In short, we do not live with dubious or invalidated data, but do something positive to generate appropriate and acceptable data, the minimum to be expected of an ethical company.

Bruce Evans
ICI Registration and PCR Manager

Tim Frederikson replies: The Pesticides Board has access to the information already, yet it has not suspended, revoked or withheld full registration of any of the pesticides involved in the IBT/Craven cases.

There was a handful of manufacturers who reacted rapidly and deserve praise for the actions they took internally to minimise the impact of the discoveries, notably Ciba-Geigy, Chevron, Sumitomo and ICI. (The latter is known to be very safety conscious and no manufacturer should have felt that complicity in the testing scandals was implied.) Other companies relied on a federal amendment allowing them to market pesticides without full test data until such time as someone can prove conclusively that the material has harmed humans or the environment.

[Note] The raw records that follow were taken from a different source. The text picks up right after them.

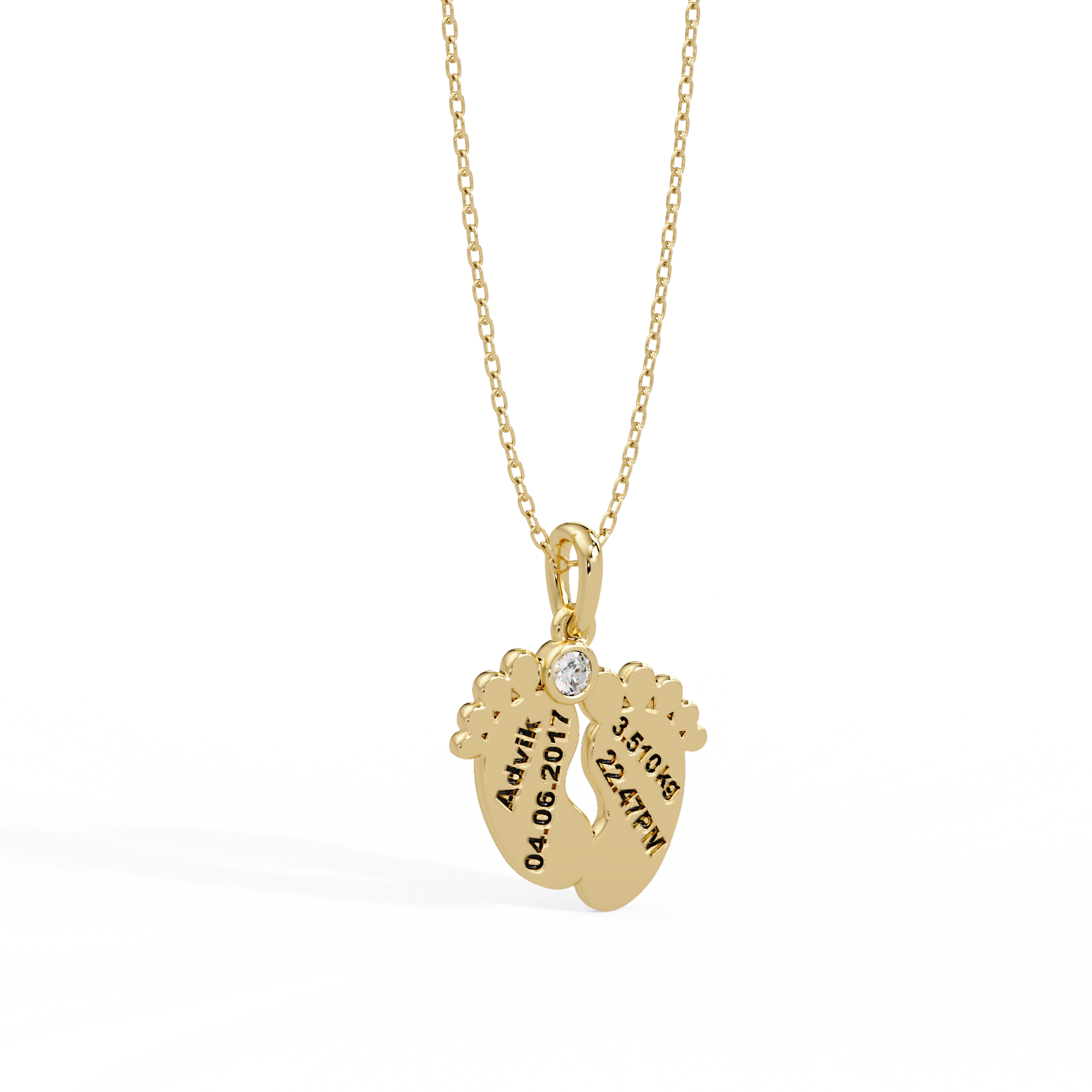 Little Steps Pendant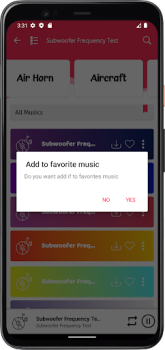 Download Subwoofer Frequency Test Musik dan audio untuk Android tangkapan layar 7
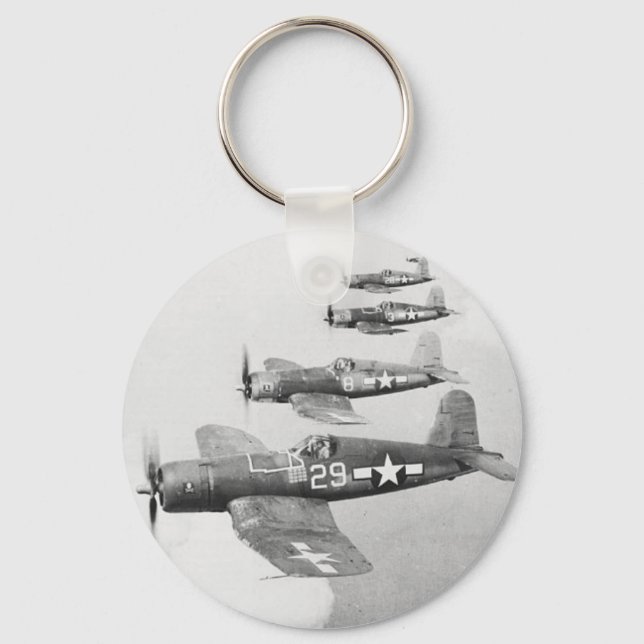 VF-17 F4U4 CORSAIRS KEY RING (Front)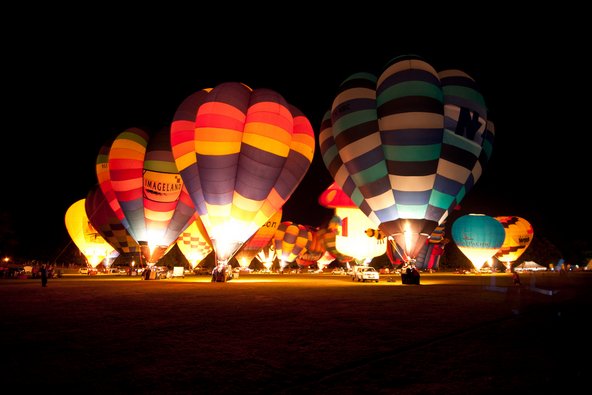 פסטיבל הכדורים בפורחים בהמילטון. הכניסה בחינם | צילום: RnDmS / Shutterstock.com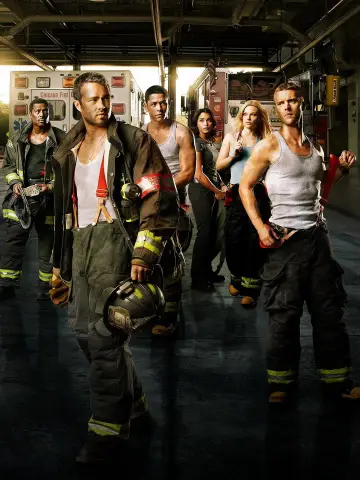 Poster к сериалу "Chicago Fire" #1244973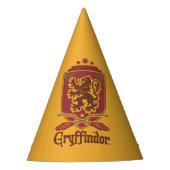 Harry Potter | Gryffindor QUIDDITCH™-badge Feesthoedjes (Voorkant)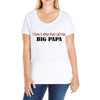 big papa Ladies Curvy T-Shirt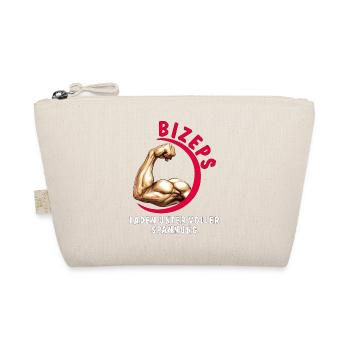 BICEPS LOADING UNDER FULL TENSION - Organic Pouch - nature - Front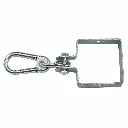 Balkring vierkant 9 cm de vier keien.webp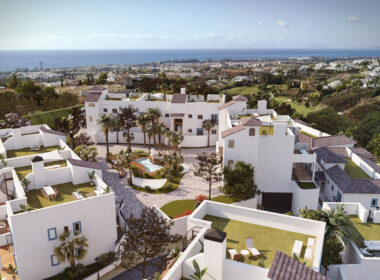 Просторная 2-комнатная квартира с террасой в Бенахависе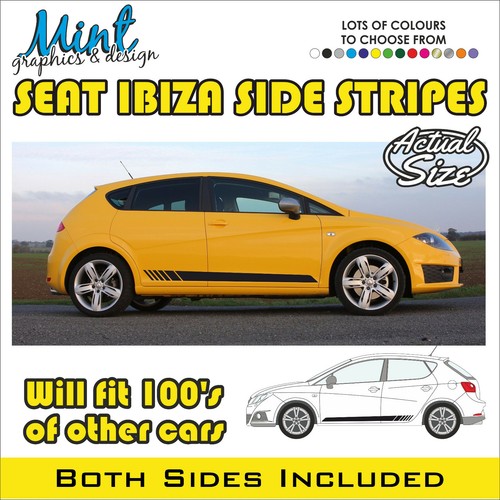 Seat ibiza sports - sports, side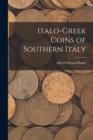 Italo-Greek Coins of Southern Italy - Book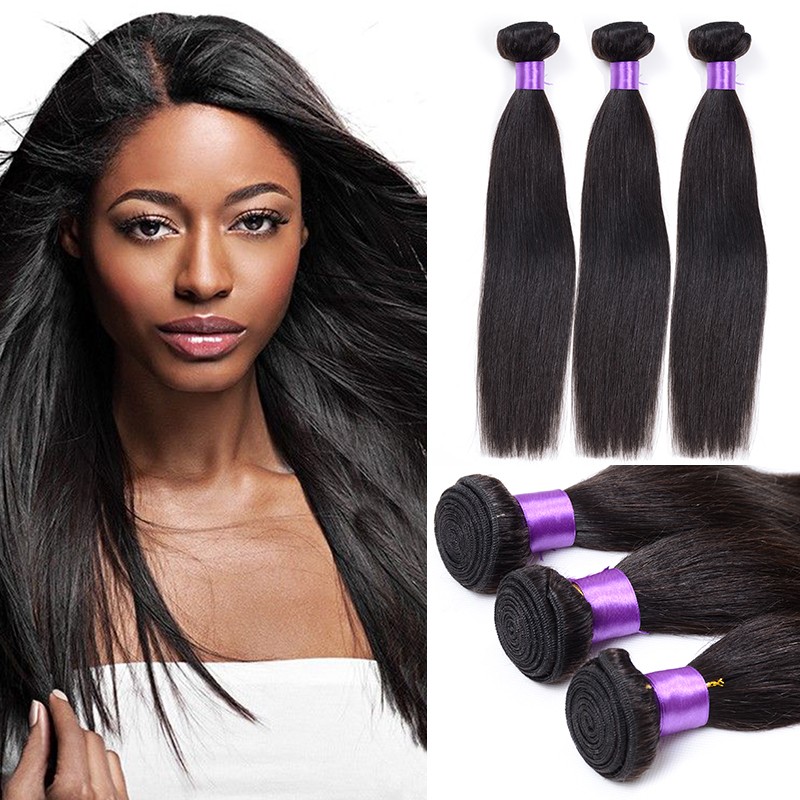 Filipino Virgin Hair 18 Inch Brazilian Loose Deep Wave Hair Weave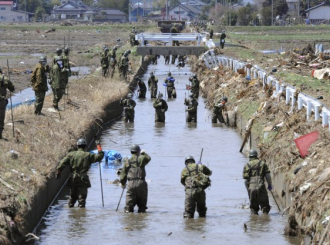 Japan: Traganje za žrtvama
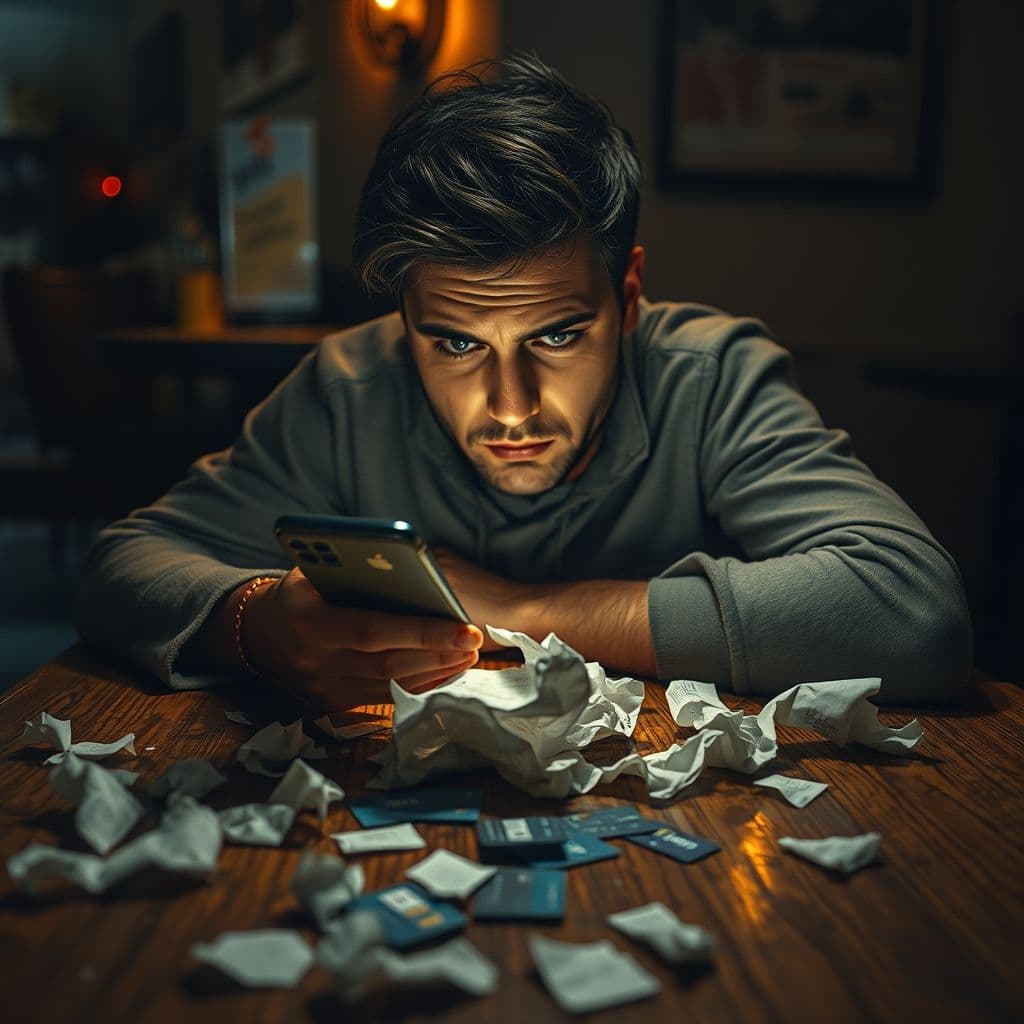 Image showing frustration with current budgeting app limitations.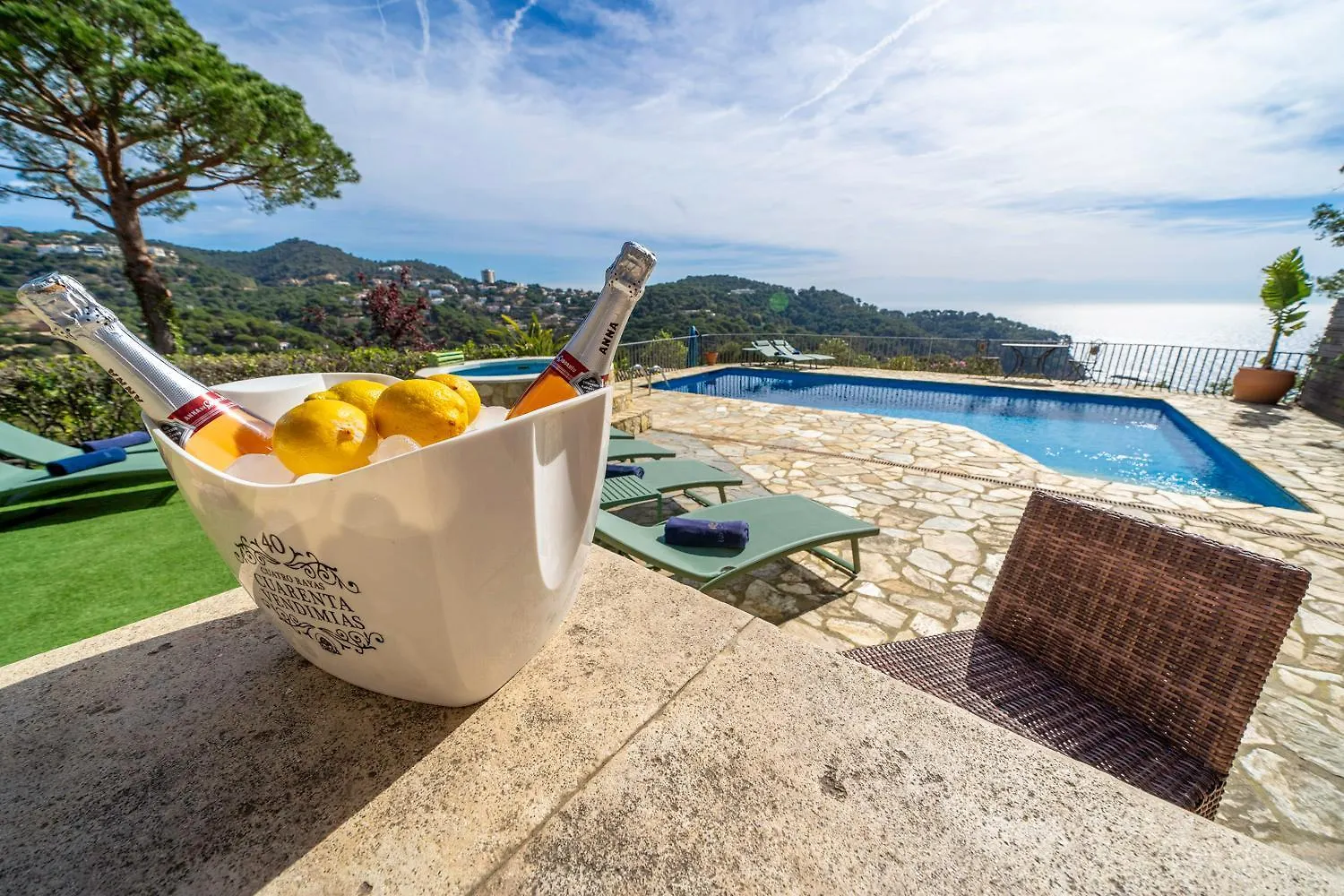 Villa Can Toni Lux Experience, Ideal Familias Con Vista Mar & Aircon Lloret de Mar 0*,  Spanje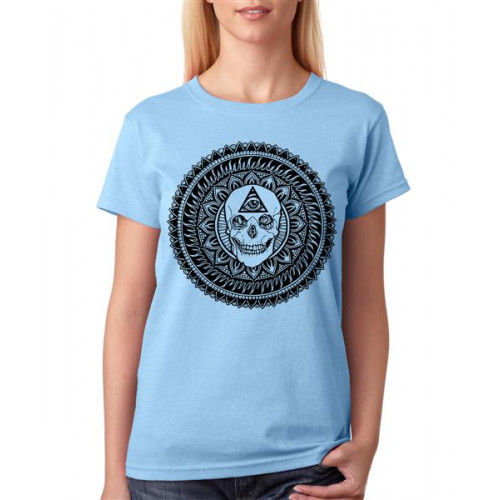 Obsessed With Skulls Graphic Printed T-shirt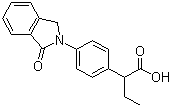 structure of CAS# 63610-08-2, 吲哚布芬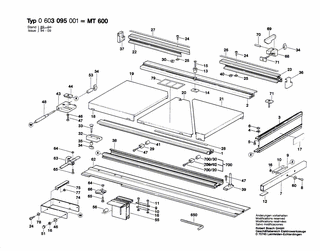 BOSCH Sechskantmutter DIN 439-AM6-04 | Ersatzteile f�r...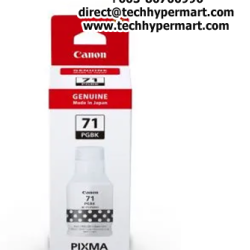 Canon GI-71 Black Ink Bottle (135 ml, For G1020/G1730/G2020/G2730/G3020/G3060/G3730/G3770/G4770)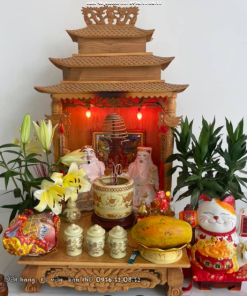 Bố Trí Bàn Thờ Thần Tài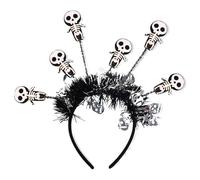 Xanorrg Pumpkin Bat Spiders Headbands Dress Up Performances Headdress Devil Headwear For Women Men Adults And Kids Multifunctional Stylish Hair Band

While the US and Canadian regulators intended to have the studies repeated, it never happened. Many responsible companies undertook limited testing in order to comply with local pressures; others continued to produce suspect pesticides for developing countries where little or no regulatory pressures existed. To the extent that we have accepted the USEPA data, New Zealand still has data which has not varied from the original material submitted under the questionable practices of the bad labs.

To scoff at "old news" is to imply that the occurrences at IBT have no further meaning today. This is both incorrect and dangerous.